Most women in the United States who seek abortions do so within these early weeks as well; according to the National Abortion Federation, 88 percent of all abortions "are obtained within the first 12-13 weeks after the last menstrual period." A third of those obtained after 12 weeks are sought by teenagers, whose irregular menstrual cycles, lack of knowledge about sex and biology, lack of resources, and complex family dynamics combine to make it harder for them to recognize they are pregnant and seek an abortion in a timely manner. "Fewer that 2 percent" of abortions take place after 21 weeks, or in the third trimester, according to NAF.

"This is a very unique bill," said NARAL Pro-Choice America spokesperson Samantha Gordon, speaking of the Arkansas act. "It's the first one of its kind."

The Arkansas bill is the most stringent anti-abortion measure enacted by a state since South Dakota legislators voted to outlaw abortion entirely in 2006; that law was eventually overturned when subjected to a direct vote by citizens after pro-abortion rights forces organized to put it before them as a ballot initiative.

The Center for Constitutional Rights and the ACLU of Arkansas have announced that they intend to challenge the law, which they call "clearly unconstitutional under four decades of U.S. Supreme Court precedent" and which would not take effect until 90 days after the legislative session ends, in federal court. "Attempts such as this to turn back the clock on reproductive rights will not stand," said Nancy Northup, president and CEO at the Center for Reproductive Rights, in a statement.

James Bopp Jr., the Indiana-based general counsel of National Right to Life, told The New York Times the Arkansas law was pointless, because so likely to be overturned. "As much as we would like to protect the unborn at that point, it is futile and it won't save any babies," he said.

In short, America won't be heading in a European direction on abortion regulation any time soon.

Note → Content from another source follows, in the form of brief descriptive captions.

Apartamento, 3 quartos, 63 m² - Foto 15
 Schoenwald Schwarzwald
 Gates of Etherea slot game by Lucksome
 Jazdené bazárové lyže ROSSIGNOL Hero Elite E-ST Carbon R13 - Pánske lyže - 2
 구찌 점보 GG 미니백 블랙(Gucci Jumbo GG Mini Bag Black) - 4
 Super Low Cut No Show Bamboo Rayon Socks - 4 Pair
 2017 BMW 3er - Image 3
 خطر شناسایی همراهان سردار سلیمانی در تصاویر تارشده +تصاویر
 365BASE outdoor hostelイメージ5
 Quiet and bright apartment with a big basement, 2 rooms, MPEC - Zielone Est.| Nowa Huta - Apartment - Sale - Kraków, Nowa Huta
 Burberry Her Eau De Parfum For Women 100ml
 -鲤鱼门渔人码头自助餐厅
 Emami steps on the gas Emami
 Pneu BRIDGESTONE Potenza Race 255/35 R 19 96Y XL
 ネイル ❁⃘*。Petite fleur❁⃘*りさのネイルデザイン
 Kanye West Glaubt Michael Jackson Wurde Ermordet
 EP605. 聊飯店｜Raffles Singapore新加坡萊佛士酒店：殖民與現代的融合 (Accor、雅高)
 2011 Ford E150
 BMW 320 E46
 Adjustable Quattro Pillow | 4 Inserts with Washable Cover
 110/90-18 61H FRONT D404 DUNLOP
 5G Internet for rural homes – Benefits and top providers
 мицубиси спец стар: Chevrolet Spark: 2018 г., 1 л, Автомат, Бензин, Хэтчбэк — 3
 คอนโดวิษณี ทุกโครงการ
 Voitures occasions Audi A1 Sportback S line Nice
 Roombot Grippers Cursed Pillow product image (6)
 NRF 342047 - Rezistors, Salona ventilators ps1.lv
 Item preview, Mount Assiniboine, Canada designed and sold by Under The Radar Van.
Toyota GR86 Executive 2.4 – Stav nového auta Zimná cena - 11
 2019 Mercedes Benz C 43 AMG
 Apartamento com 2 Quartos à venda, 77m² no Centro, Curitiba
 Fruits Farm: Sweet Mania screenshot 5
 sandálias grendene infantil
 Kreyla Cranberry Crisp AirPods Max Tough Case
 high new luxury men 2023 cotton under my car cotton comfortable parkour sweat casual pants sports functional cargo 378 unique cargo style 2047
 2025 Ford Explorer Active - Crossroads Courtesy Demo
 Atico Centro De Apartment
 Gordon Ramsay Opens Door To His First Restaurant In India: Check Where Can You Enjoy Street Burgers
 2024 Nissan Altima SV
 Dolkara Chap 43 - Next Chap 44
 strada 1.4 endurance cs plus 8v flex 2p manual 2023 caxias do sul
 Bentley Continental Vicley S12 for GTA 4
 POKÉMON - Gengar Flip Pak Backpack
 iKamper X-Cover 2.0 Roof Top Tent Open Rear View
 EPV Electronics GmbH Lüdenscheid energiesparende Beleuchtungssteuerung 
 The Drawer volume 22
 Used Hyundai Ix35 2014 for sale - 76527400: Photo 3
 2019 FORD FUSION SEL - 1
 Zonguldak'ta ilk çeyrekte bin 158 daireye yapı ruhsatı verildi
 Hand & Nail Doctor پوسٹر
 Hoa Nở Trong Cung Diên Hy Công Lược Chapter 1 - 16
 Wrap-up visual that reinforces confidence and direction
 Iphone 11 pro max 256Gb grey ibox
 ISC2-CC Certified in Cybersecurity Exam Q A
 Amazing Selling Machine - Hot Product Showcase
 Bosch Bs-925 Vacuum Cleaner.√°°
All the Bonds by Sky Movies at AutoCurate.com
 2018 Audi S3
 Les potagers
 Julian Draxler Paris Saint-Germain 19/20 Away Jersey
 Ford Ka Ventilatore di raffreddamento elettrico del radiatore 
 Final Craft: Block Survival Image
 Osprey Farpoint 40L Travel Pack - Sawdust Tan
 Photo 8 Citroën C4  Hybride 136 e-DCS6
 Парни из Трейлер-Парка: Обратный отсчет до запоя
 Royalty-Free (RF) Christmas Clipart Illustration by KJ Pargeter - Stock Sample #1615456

What Rapert did next after his law passed helps explain why: He submitted a fresh piece of legislation intended to defund Planned Parenthood in Arkansas. In places like Spain, abortion is regulated through a law that situates it within a complicated weighing of the rights of women and of children, and is part of a comprehensive approach to women's reproductive health care that includes contraception. In the United States, the effort to restrict abortion often goes hand-in-hand with uncompromising efforts to restrict contraception and override the rights of women more generally (for example, the right to bodily autonomy by requiring invasive and medically unnecessary pre-abortion transvaginal ultrasounds, which Rapert pushed before they became controversial). There cannot be any grand European-style compromise on abortion in the United States so long as the goal of abortion opponents is to eliminate all access to abortion, rather than to make it, as a wise man once said, safe, legal, and rare.